Another Apprentice moment – what are the health and safety restrictions around offering punters free cake? (Every little helps to encourage a sale). I’ll tell you: unless you’re fully authorised by the council, you can’t do anything with buttercream icing, in case it goes off and causes salmonella or something. Brownies and flapjacks it was; first time I'd made brownies and they were amazeballs, even if I do say so myself. As the week progressed, we promised free booze in the evenings too. This proved very popular, and profits rose accordingly. (Note to struggling businesses: offer wine for free and people will find that they are too drunk to care about paying money for stuff and also that they feel obliged to buy something; a colleague said people would be 'suspicious' about being offered free cake, so we put a mug on the front desk suggesting they donate to charity. We made about £50 just from that. People are weird, aren't they?)

We were open for a week (staffed by people from work, essentially working two jobs, only one of which we were paying them for, obviously), from 2-6pm, then I spent half of a Bank Holiday Monday putting all the unsold stock back in boxes to deliver back to the office.
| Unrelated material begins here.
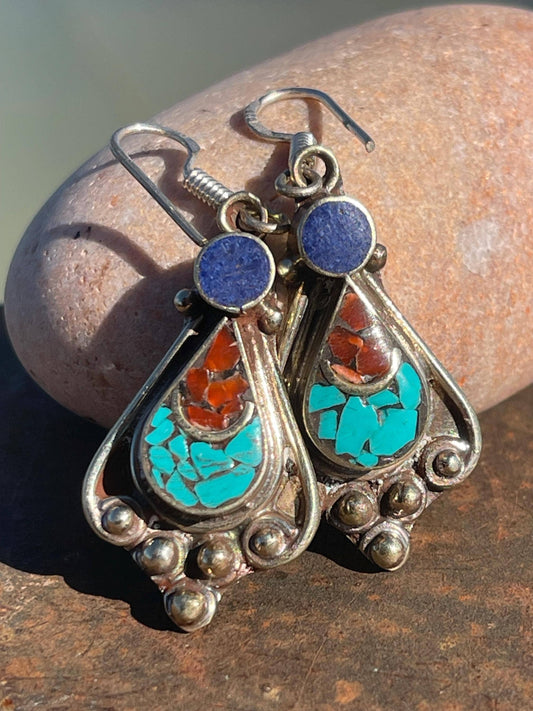 Vintage turquoise & lapis earrings, turquoise jewellery, ethical jewellery, gypsy earrings. Eco friendly jewellery. Ethical jewellery.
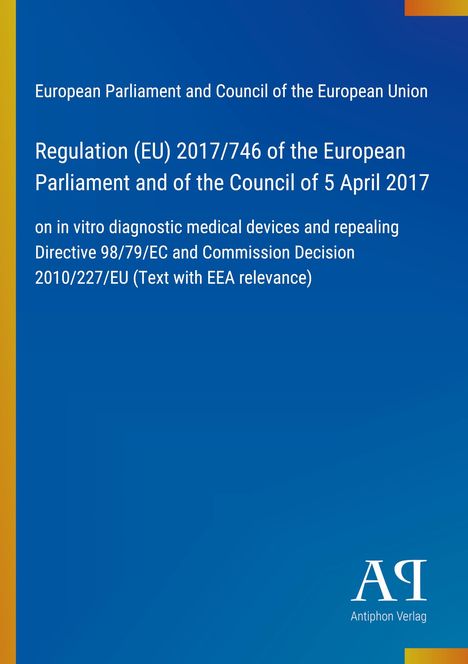 Europäische Verordnung über In-vitro-Diagnostik. Blauer Hintergrund links gelber Rand, unten ein Logo.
It has to be said, running a shop is really hard work, and you can see why so many small businesses are struggling in the current climate. It is way harder than it looks, and there are about a million things to juggle (stock, staff, invoicing, ordering, packing up, unpacking, trying not to have the place look like Cardboard City because you haven't done the recycling, going home afterwards to make more damn cake); I thought running a shop just involved standing behind a till hoping people wanted to buy your stuff, so I take my hat off to anyone who does it full-time. And next time I watch The Apprentice, I may be slower to judge all those contestants who are given two days to arrange and run a business they probably have absolutely no prior knowledge of, and manage not to make a huge loss. Then again, maybe I'll just laugh even harder as they fuck everything up, whilst thinking, 'What kind of idiot doesn't think to get a load of plastic bags in when they're running a shop?'.